Many different phenomena can be observed in chromospheres.

=== Plage ===

A plage is a particularly bright region within stellar chromospheres, which are often associated with magnetic activity.

=== Spicules ===

The most commonly identified feature in the solar chromosphere are spicules. Spicules rise to the top of the chromosphere and then sink back down again over the course of about 10 minutes.

=== Oscillations ===

Since the first observations with the instrument SUMER on board SOHO, periodic oscillations in the solar chromosphere have been found with a frequency from 3 mHz to 10 mHz, corresponding to a characteristic periodic time of three minutes. Oscillations of the radial component of the plasma velocity are typical of the high chromosphere. The photospheric granulation pattern usually has no oscillations above 20 mHz; however, higher frequency waves (100 mHz, or a 10 s period) were detected in the solar atmosphere (at temperatures typical of the transition region and corona) by TRACE.

=== Loops ===

Plasma loops can be seen at the border of the solar disk in the chromosphere.

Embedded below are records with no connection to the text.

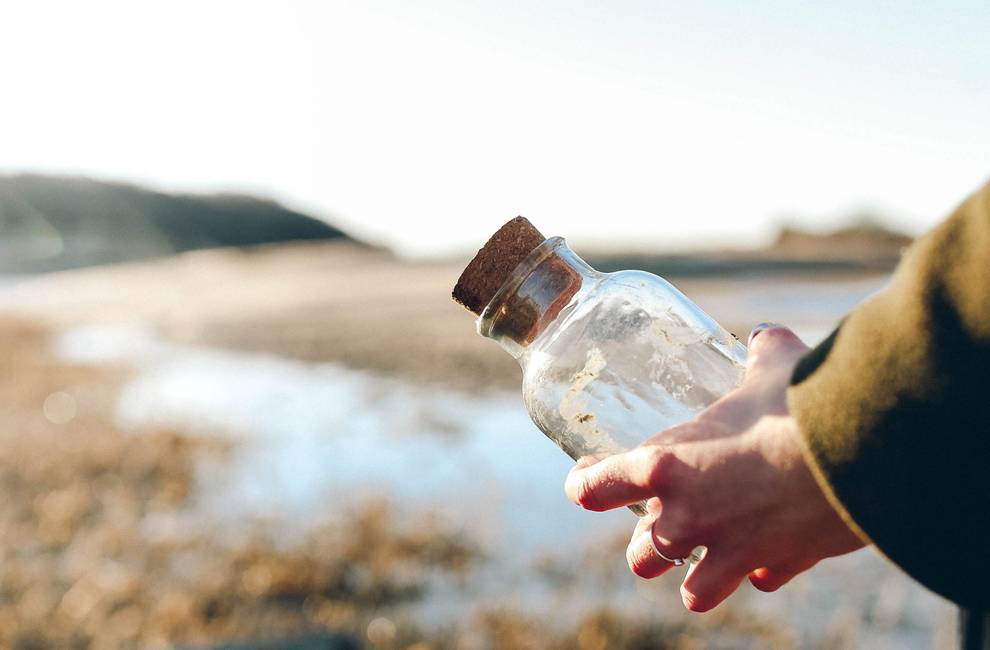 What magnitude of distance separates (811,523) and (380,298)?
63.8 feet

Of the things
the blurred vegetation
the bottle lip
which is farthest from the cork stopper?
the blurred vegetation

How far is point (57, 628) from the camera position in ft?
10.5

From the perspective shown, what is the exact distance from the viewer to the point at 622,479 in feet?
2.73

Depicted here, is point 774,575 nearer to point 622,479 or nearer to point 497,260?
point 622,479

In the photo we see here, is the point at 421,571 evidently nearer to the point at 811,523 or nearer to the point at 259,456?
the point at 259,456

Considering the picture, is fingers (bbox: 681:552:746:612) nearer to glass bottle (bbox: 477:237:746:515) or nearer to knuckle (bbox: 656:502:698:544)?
knuckle (bbox: 656:502:698:544)

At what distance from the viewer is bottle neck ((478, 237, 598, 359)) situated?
1001 mm

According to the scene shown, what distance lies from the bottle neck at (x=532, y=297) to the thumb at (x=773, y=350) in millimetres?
242

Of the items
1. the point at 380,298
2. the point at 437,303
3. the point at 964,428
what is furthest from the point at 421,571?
the point at 380,298

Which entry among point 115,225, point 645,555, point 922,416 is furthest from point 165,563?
point 115,225

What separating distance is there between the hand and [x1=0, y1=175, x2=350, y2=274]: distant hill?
4636 centimetres

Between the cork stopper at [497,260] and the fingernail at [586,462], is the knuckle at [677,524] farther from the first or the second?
the cork stopper at [497,260]

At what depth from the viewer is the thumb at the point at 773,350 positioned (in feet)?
2.80

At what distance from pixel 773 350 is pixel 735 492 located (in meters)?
0.19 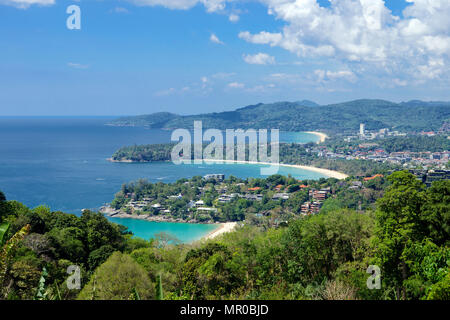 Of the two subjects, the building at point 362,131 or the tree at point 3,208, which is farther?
the building at point 362,131

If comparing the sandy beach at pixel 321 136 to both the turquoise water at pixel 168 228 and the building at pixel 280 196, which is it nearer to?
the building at pixel 280 196

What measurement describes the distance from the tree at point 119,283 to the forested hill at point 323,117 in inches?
2333

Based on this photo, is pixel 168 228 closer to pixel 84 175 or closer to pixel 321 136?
pixel 84 175

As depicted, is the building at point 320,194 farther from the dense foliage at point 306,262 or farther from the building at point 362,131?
the building at point 362,131

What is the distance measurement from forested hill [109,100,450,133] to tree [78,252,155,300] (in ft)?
194

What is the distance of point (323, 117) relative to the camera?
74.4m

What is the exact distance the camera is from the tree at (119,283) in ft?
16.0

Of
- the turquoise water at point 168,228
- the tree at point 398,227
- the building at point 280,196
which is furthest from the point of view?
the building at point 280,196

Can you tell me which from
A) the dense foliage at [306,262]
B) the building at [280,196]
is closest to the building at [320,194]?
the building at [280,196]

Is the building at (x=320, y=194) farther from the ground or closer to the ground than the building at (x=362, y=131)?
closer to the ground

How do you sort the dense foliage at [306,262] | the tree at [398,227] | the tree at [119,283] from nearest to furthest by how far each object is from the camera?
the dense foliage at [306,262] < the tree at [398,227] < the tree at [119,283]

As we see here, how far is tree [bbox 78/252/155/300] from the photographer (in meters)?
4.88

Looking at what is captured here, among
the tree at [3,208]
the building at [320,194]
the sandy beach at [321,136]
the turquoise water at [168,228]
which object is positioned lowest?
the turquoise water at [168,228]

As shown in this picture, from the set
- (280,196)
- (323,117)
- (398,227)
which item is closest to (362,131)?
(323,117) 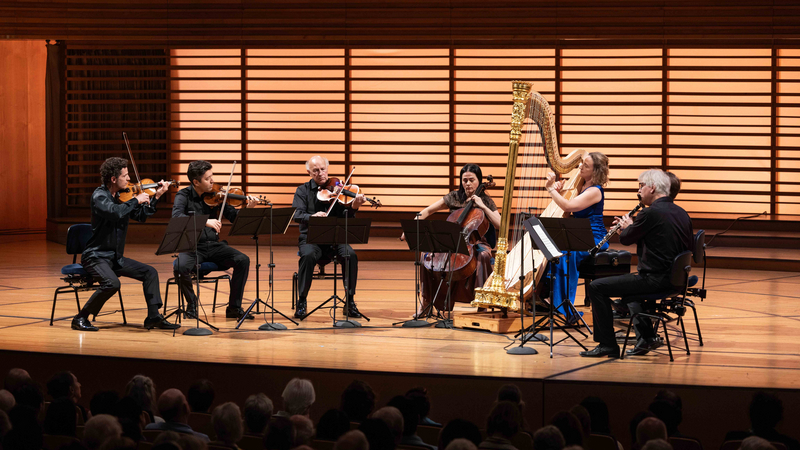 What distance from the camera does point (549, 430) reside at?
255cm

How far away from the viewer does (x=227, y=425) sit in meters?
2.71

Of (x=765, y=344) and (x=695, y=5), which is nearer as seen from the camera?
(x=765, y=344)

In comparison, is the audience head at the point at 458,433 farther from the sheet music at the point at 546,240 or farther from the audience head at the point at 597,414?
the sheet music at the point at 546,240

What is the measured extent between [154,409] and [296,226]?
6.32 metres

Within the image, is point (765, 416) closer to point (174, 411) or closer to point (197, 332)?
point (174, 411)

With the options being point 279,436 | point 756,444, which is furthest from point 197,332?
point 756,444

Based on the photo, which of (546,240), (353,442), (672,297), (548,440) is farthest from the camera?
(672,297)

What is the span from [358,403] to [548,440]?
880 millimetres

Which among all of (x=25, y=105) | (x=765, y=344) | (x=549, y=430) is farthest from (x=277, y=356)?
(x=25, y=105)

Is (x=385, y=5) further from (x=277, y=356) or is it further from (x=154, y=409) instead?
(x=154, y=409)

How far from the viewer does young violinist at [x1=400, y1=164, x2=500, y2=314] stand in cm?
535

They are different from solar prominences because they are concentric arches with maximum temperature of the order 0.1 MK (too low to be considered coronal features). These cool-temperature loops show an intense variability: they appear and disappear in some UV lines in a time less than an hour, or they rapidly expand in 10–20 minutes. Foukal studied these cool loops in detail from the observations taken with the EUV spectrometer on Skylab in 1976. When the plasma temperature of these loops becomes coronal (above 1 MK), these features appear more stable and evolve over longer times.

== Network ==

Images taken in typical chromospheric lines show the presence of brighter cells, usually referred to as the network, while the surrounding darker regions are named internetwork. They look similar to granules commonly observed on the photosphere due to the heat convection.

== On other stars ==

Chromospheres are present on almost all luminous stars other than white dwarfs. They are most prominent and magnetically active on lower-main sequence stars, on brown dwarfs of F and later spectral types, and on giant and subgiant stars.

A spectroscopic measure of chromospheric activity on other stars is the Mount Wilson S-index.